Mas, vamos falar sério, dava pra tá bem melhor do que está hoje, isso dava, e a natureza sabe disso, sabe tanto, que não aguentou mais esperar pelas mudanças que prometemos e nunca fazemos. Ela respondeu, e hoje ela nos mantém dentro de nossas casas, e confesso que dou razão à ela. Hoje o mundo todo tem que ir para a rua de máscara, com medo de um inimigo invisível, mas será que é invisível mesmo? Ou ele está bem ali do nosso lado jogando lixo na rua, ou dentro do palácio em algum planalto autorizando mais uma derrubada de reservas indígenas? Eu acho que ele está bem na nossa frente, mas alguns optaram simplesmente por não ver.

Por medo? Talvez. Por que sim, dá medo de enfrentar, ainda mais sabendo que o Brasil é um dos países que mais mata ativistas ambientais no mundo. Você sabe bem disso, né Chico? Mas, uma vez eu ouvi uma música que dizia “Muda, que o medo é um modo de fazer censura”. Então, a gente vai, e se tiver que ir com medo, a gente vai mesmo assim!!!
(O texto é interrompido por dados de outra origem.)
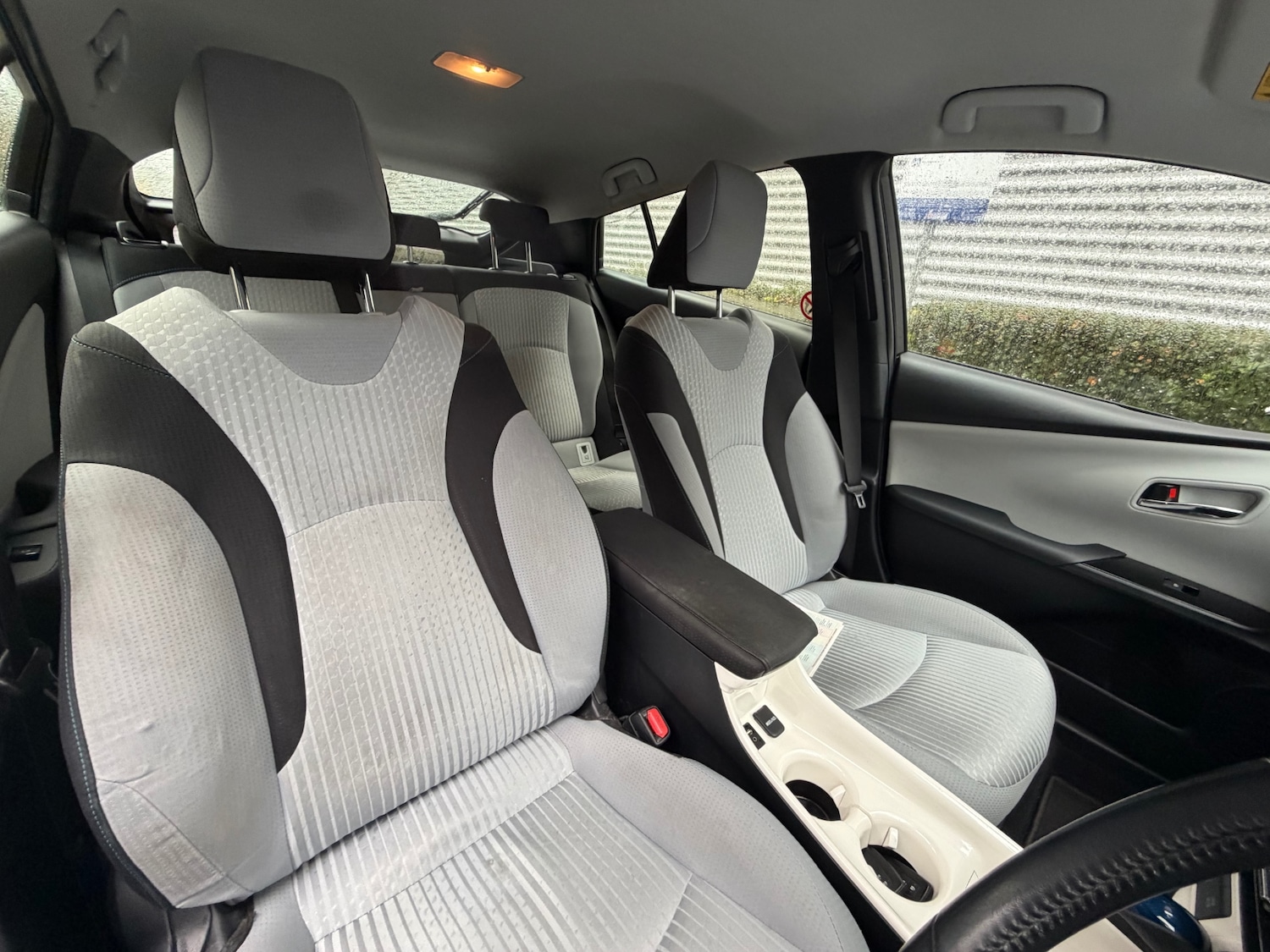 Used Toyota Prius 2018 for sale - 76971184: Photo 9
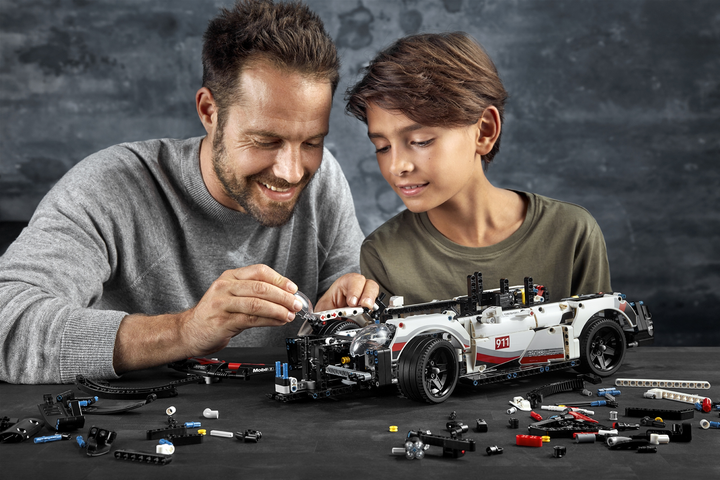 Zestaw klocków LEGO TECHNIC Porsche 911 RSR 1580 elementów (42096) - obraz 3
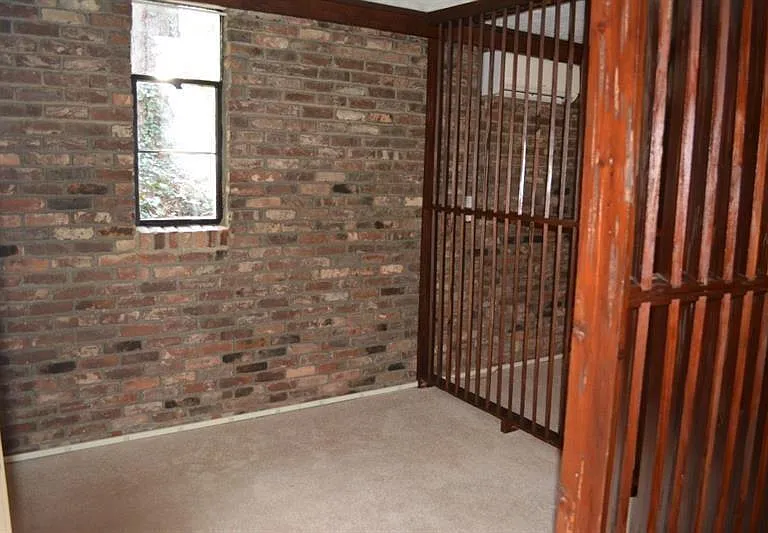 1491 Emory Rd #A — Photo 2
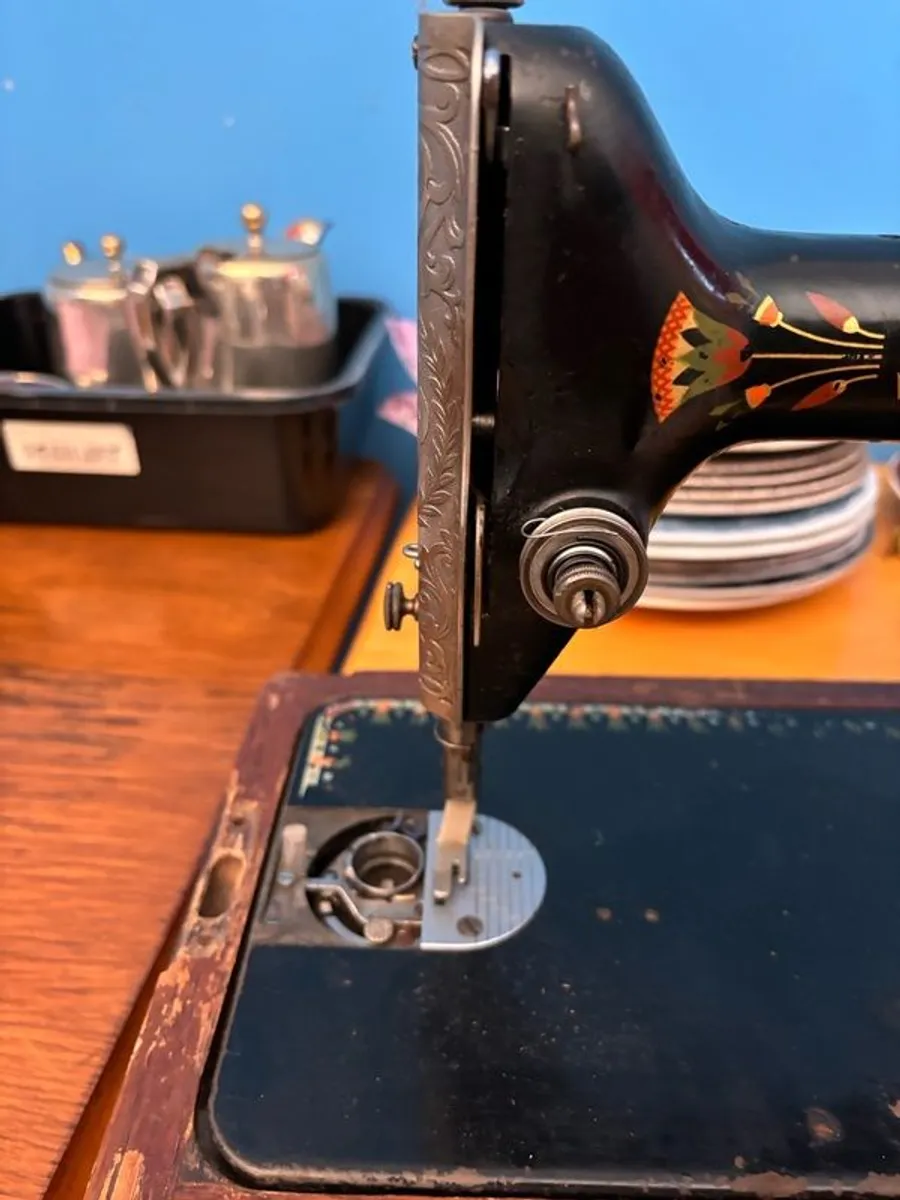 Singer Sewing Machine - Image 4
Têm muita coisa pra acontecer no próximo século, mas pra ele existir, muita coisa têm que mudar!!! E, têm muita gente já fazendo essa mudança, Chico. Conseguimos finalmente criar uma reserva extrativista no Acre e ela leva seu nome. Sabe o Nenzinho (Aldecir Cerqueira)? Ele continua levando adiante seus ensinamentos, até o bigode ele deixou em sua homenagem. Ele diz que fica melhor nele, mas tenho minhas dúvidas.

Graças àqueles que lutam pela Terra, nós somos o maior produtor de arroz orgânico da América Latina. E tem jovem tomando conta da ONU, Chico, Artemisa Xakriabá usou sua voz para falar sobre povos indígenas e mudanças climáticas. Tem jovem de 12 anos, como a Catarina Lorenzo, que apresentou uma denúncia contra os países que estão se omitindo à cumprir as resoluções do Acordo de Paris. Tem a Paloma Costa que está no primeiro time de jovens assessores em clima do Secretário Geral da ONU.

Quando Davi Kopenawa mostrou para o mundo tudo o que está acontecendo no território e com o povo Yanomami, o que eu entendi foi que existem pessoas que nascem ativistas sem saber, porque resistir é a única maneira para continuar existindo. Um dia eu tenho certeza que toda a humanidade saberá quem você foi. Sua vida e sua luta estarão nos livros escolares, assim como da irmã Dorothy, do Cacique Raoni, e mais pra frente Greta, e Hamangai Pataxó. Vai ter tanta gente que fez a diferença pra falar sobre, que os opressores finalmente serão os coadjuvantes.

E foi como você mesmo disse uma vez Chico, quando nós começamos a lutar pelas seringueiras, depois nos demos conta que estávamos lutando pela Amazônia como um todo, e hoje sabemos que estamos lutando pela humanidade. E a gente não vai deixar barato o que estão fazendo com o nosso futuro e o futuro de quem nem chegou por aqui. Já que o futuro nos pertence, as decisões também. E a gente não tem medo não e não arredo o pé, por que se a gente tirou na mão o óleo que derramaram no nosso litoral nordestino, a gente tira na mão aqueles que estão deixando esse mal ser feito!!! Nós somos as sementes que você espalhou pelo mundo em sua breve jornada.

E mesmo que tentem nos arrancar pela raiz, te garanto que muito mais vai surgir. Talvez o momento que estamos vivendo seja a oportunidade de começar essa unificação que você sonhou. Eu também não vou ter a chance de comemorá-la, mas fico feliz de partilhar com você o mesmo sonho!!! E Chico, além da borracha, o açaí da Amazônia também conquistou o mundo!!! Obrigada.

Obrigada por apesar de saber que estava à frente do seu tempo, sendo um visionário, optou por nos mostrar o caminho do futuro. Ele não é fácil, mas o resultado vai ser lindo. É muito bom saber que estamos do lado certo da luta. Chico Mendes! Presente. Hoje e sempre!